There was no doubt the motivation, effort, and team spirit were high as Trek-Segafredo joined many escape attempts during the three weeks, but it wasn’t until the penultimate day – the final mountain stage – that Brambilla could finally break into the top five.
“It was a really, really hard week and also a really, really hard Giro, every day à bloc,” explained Brambilla. “I said to the guys that for me this is my 12th Grand Tour and it was the toughest. Never a breakaway and all day full gas – from the tempo to also the long transfers.”
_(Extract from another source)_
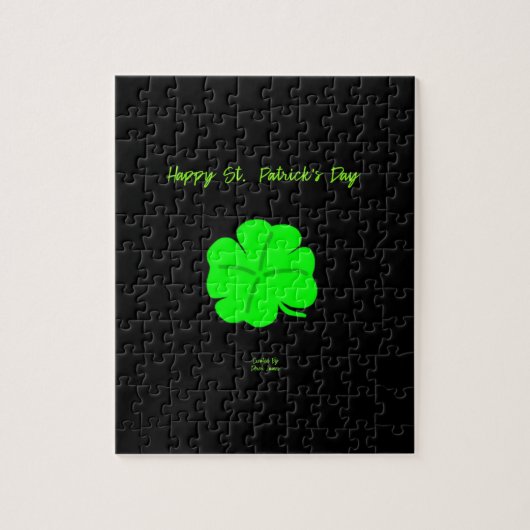 Happy St. Patrick's Day Puzzle 20,3 cm x 25,4 cm (Vertikal)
Director Steven de Jongh agreed: “Well it’s disappointing that we didn’t win a stage, that’s for sure, but we were also unlucky because we needed to ride for wins from breakaways and not many breakaways arrived this year. It was a particular edition: only two breaks arrived, and the rest ended up in bunch sprints or controlled and decided by GC riders, so that was hard for us.”
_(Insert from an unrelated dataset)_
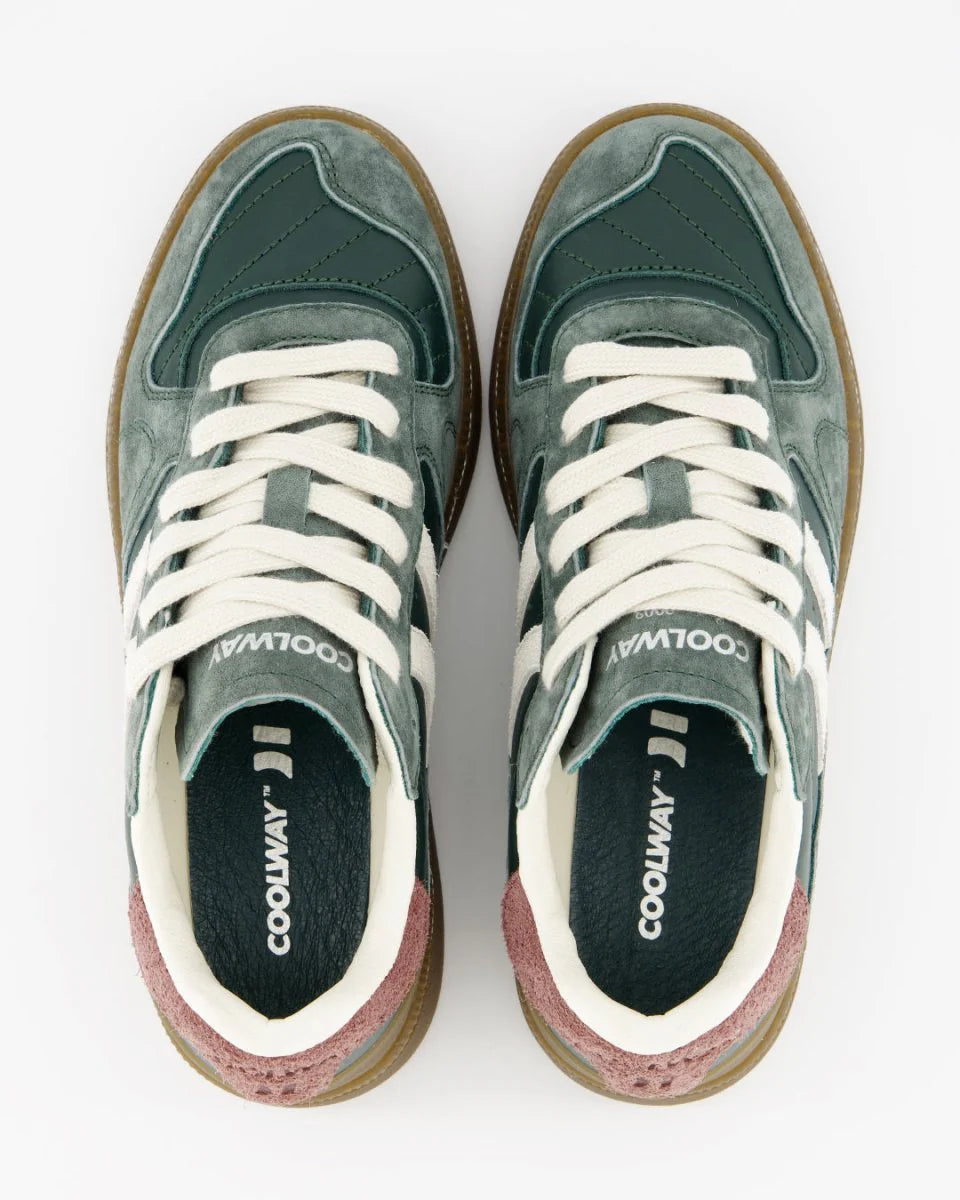 Zapatillas Coolway De Mujer Goal Green Pulse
Even with the lack of opportunities, the team was resilient. One of only a few squads to finish with all eight riders, they took a beating every day, like most, but never relented. Without a pure sprinter and a GC leader and few occasions in between, the team focused where they could to vie for a result.
Right to the final stage Sunday.
After hauling his non-climber’s body through three successive grueling days in the mountains, Ryan Mullen, whose self-proclaimed hashtag was #84kg during the Giro, gave it one last go at the start of the final lap in Rome.
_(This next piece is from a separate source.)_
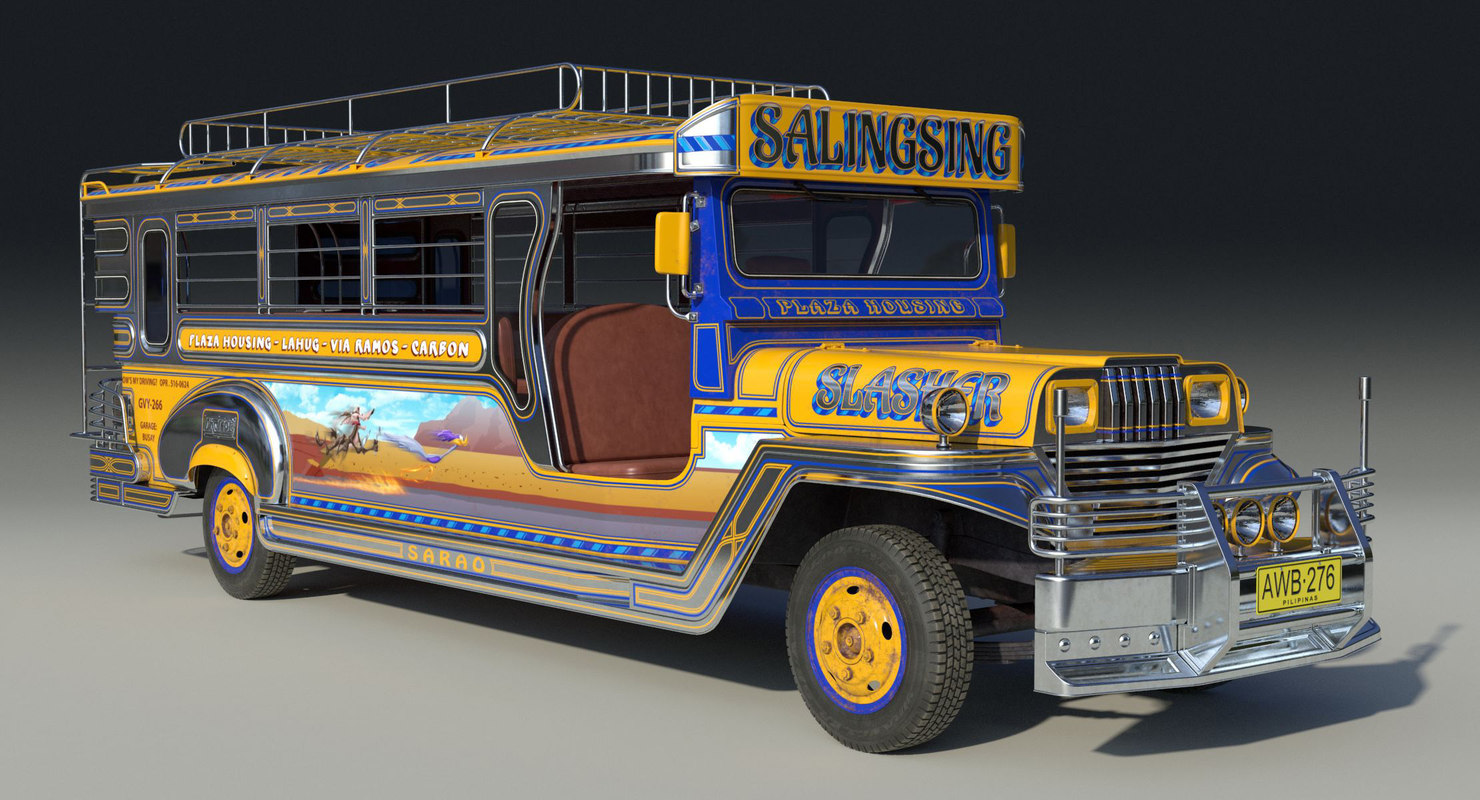 philippine jeepney obj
Update on the #84kg pre-Giro. I'm #81kg as of today. Still not a climber.
- Ryan Mullen
His attack drew out three others, including three-time world time trial champion Tony Martin (Katusha-Alpecin) and they made life a whole lot harder for the teams chasing behind.
They were eventually tagged back with just over three kilometers remaining, but it showed that Trek-Segafredo had not thrown in the towel – they were going out fighting to the end.
“As a team, we did very well,” continued de Jongh. “Also today, we had a plan to not wait for the sprint and try to do something to go away in the final, and I think they did a good effort on the parcours here. Ryan had an all-in go but was caught with 3.5 to go, and then it was another bunch sprint. But the guys worked really well together, and we can only say chapeau for that. And we finished with eight riders, and that is always something special.”
All eight Trek-Segafredo riders crossed the final finish line in Rome Sunday as the 101st Giro d’Italia came to a close. It was a battle for three weeks. From the youngest rider in the peloton Mads Pedersen bumping elbows in the fast finishes and bearing nasty road rash for a few days from a crash, to veteran rider Gianluca Brambilla finally finding a breakaway that made it to the end on the penultimate stage, through it all, Trek-Segafredo never lost its spirit.
“It was a tough Giro for us,” summed up General Manager Luca Guercilena. “We arrived here believing we could be good in the stages, but the general strategy was very tough – few breakaways went to the finish line.
“Gianluca yesterday tried to make what we should have done in other stages. Obviously, we were expecting something more, but now reflecting on these three weeks, we need to use what we gained here to be ready for the next part of the season where we must make results.”
We are finishing with all 8 riders, and that says something. We were strong mentally, and we never gave up. And for me, even though I was not super in the first week, I stayed focus to find a result in the final days. If we continue in this way, the results will come."